EN FR
EN FR


Section: Research Program

Research Directions

At the beginning of the Valda team, the project was to focus on the following directions:

  • foundational aspects of data management, in particular related to query enumeration and reasoning on data, especially regarding security issues;

  • implementation of provenance and uncertainty management, real-world applications, other aspects of uncertainty and incompleteness, in particular dynamic;

  • development of personal information management systems, integration of machine learning techniques.

We believe the first two directions have been followed in a satisfactory manner. The focus on personal information management has not been kept for various organizational reasons, however, but the third axis of the project is reoriented to more general aspects of Web data management.

New permanent arrivals in the group since its creation have impacted its research directions in the following manner:

  • Camille Bourgaux and Michaël Thomazo are both specialists of knowledge representation and formal aspects of knowledge bases, which is an expertise that did not exist in the group. They are also both interested in, and have started working on aspects related to connecting their research with database theory, and investigating aspects of uncertainty and incompleteness in their research. This will lead to more work on knowledge representation and symbolic AI aspects, while keeping the focus of Valda on foundations of data management and uncertainty.

  • Olivier Cappé is a specialist in statistics and machine learning, in particular multi-armed bandits and reinforcement learning. He is also interested in applications of these learning techniques to data management problems. His arrival in the group therefore complements the expertise of other researchers, and will lead to more work on machine learning issues.

  • Leonid Libkin is a specialist of database theory, of incomplete data management, and has a line of current research on graph data management. His profile fits very well with the original orientation of the Valda project.

We intend to keep producing leading research on the foundations of data management. Generally speaking, the goal is to investigate the borders of feasibility of various tasks. For instance, what are the assumptions on data that allow for computable problems? When is it not possible at all? When can we hope for efficient query answering, when is it hopeless? This is a problem of theoretical nature which is necessary for understanding the limit of the methods and driving research towards the scenarios where positive results may be obtainable. Only when we have understood the limitation of different methods and have many examples where this is possible, we can hope to design a solid foundation that allowing for a good trade-off between what can be done (needs from the users) and what can be achieved (limitation from the system).

Similarly, we will continue our work, both foundational and practical, on various aspects of provenance and uncertainty management. One overall long-term goal is to reach a full understanding of the interactions between query evaluation or other broader data management tasks and uncertain and annotated data models. We would in particular want to go towards a full classification of tractable (typically polynomial-time) and intractable (typically NP-hard for decision problems, or #P-hard for probability evaluation) tasks, extending and connecting the query-based dichotomy [51] on probabilistic query evaluation with the instance-based one of [39], [40]. Another long-term goal is to consider more dynamic scenarios than what has been considered so far in the uncertain data management literature: when following a workflow, or when interacting with intensional data sources, how to properly represent and update uncertainty annotations that are associated with data.
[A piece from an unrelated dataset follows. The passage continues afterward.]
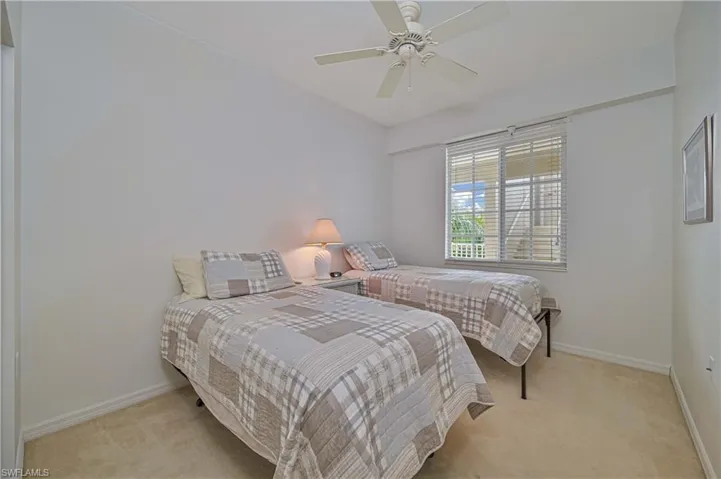 The second bedroom has twin beds, but can accommodate a queen bed and complementary furniture.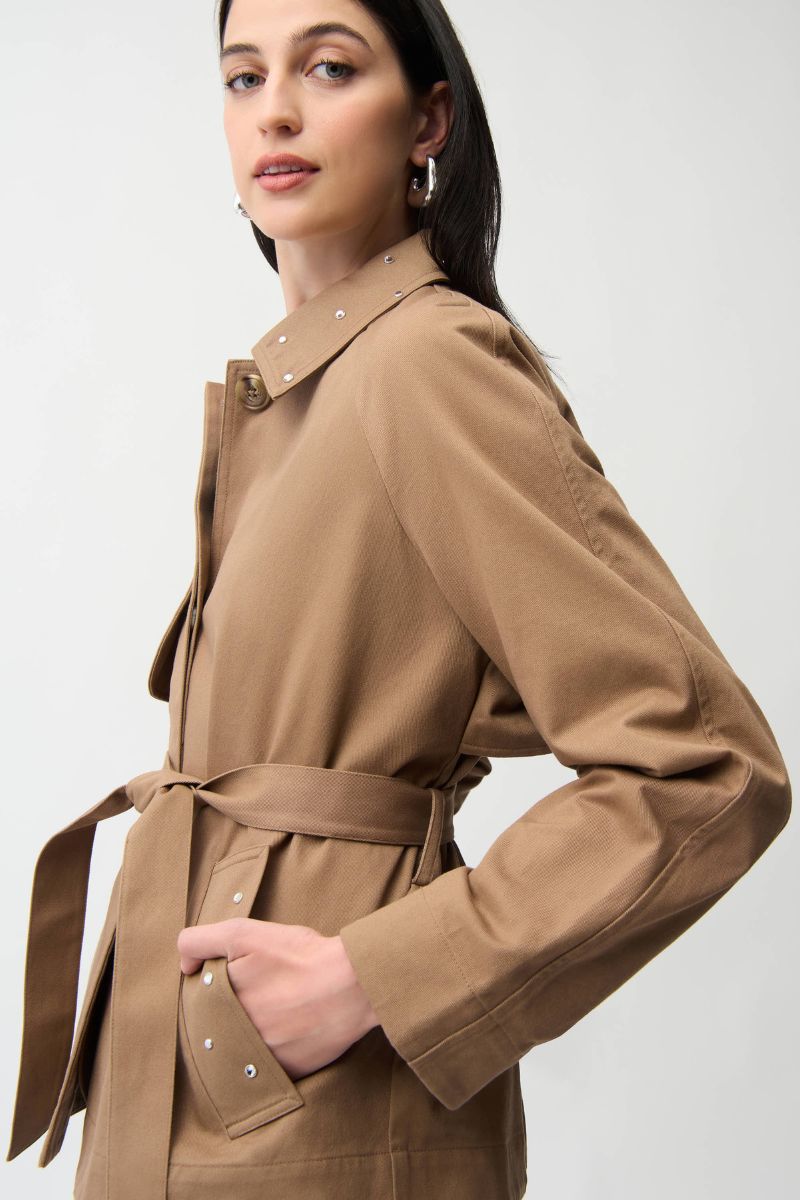 Woman wearing Joseph Ribkoff 261907 Cotton Twill Short Trench with Belt and Rhinestone Detail side view in Tiger’s Eye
This is critical for many complex data management scenarios where one has to maintain a probabilistic current knowledge of the world, while obtaining new knowledge by posing queries and accessing data sources. Such intensional tasks requires minimizing jointly data uncertainty and cost to data access.

As application area, in addition to the historical focus on personal information management which is now less stressed, we target Web data (Web pages, the semantic Web, social networks, the deep Web, crowdsourcing platforms, etc.).

We aim at keeping a delicate balance between theoretical, foundational research, and systems research, including development and implementation. This is a difficult balance to find, especially since most Valda researchers have a tendency to favor theoretical work, but we believe it is also one of the strengths of the team.